When Mayday burst out in the Taiwan music scene in 1998, they were the voice of youth. Not just because they were young at the time, but because their songs captured youth in all its energetic, hot-blooded, lyrical, fearless, bittersweet glory. Ten years later, Mayday is still the same good old Mayday. They've found greater commercial success than any other Taiwan band and achieved a superstar status matched by few, but they're still the Mayday that holes up every year to make an album that hits the heart, and then tours like crazy to put on show after show that hits the spot. Last December, Mayday returned to the Zhongshan Stadium for their first concerts there in eight years, playing to an audience of 100,000 in two days.
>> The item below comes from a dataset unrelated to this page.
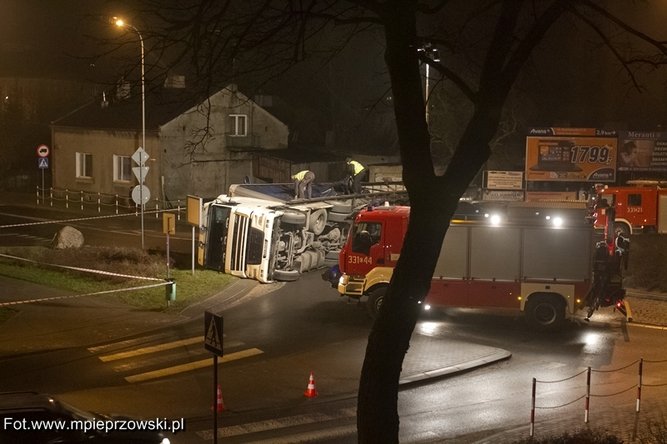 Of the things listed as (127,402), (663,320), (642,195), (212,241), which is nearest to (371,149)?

The concert opened with an impressive flurry of New Year's-worthy fireworks and the energetic karaoke favorite "Love i-n-g". The atmosphere stays electric with two more youth-oriented rock tracks off Mayday's last album Poetry of The Day After: "Bursting Liver", an anthem for all the fun-loving night owls out there, and the freedom-hailing "The Cry of Spring". These catchy fist-pumping jump-along songs of youthful defiance are of course half of what Mayday is best known for, and what makes their concerts such exuberant events.
The other half of Mayday are the rock ballads with heart-piercing lyrics that voice your hopes and fears better than you ever could. My favorite track from Poetry of The Day After, "You Are Not Truly Happy", is the first ballad to appear, and its beautiful melody and emotional lyrics are even more moving live. The most affecting song of the night though would have to be "The Place in My Heart That's Not Broken Down", a quietly intense mid-tempo number composed by Monster and written by Ashin. I was not particularly struck by the song when I listened to Poetry of The Day After, partly because Ashin's vocals muffled the lyrics more than usual in the album recording, but it sounds amazing live. Ashin sings through the ups and downs of the song with great emotional intensity, and his lyrics reflecting on self and music ring out clearly with its strong imagery: "When people become markets / And markets become battlefields / How many dreams are buried in the field?"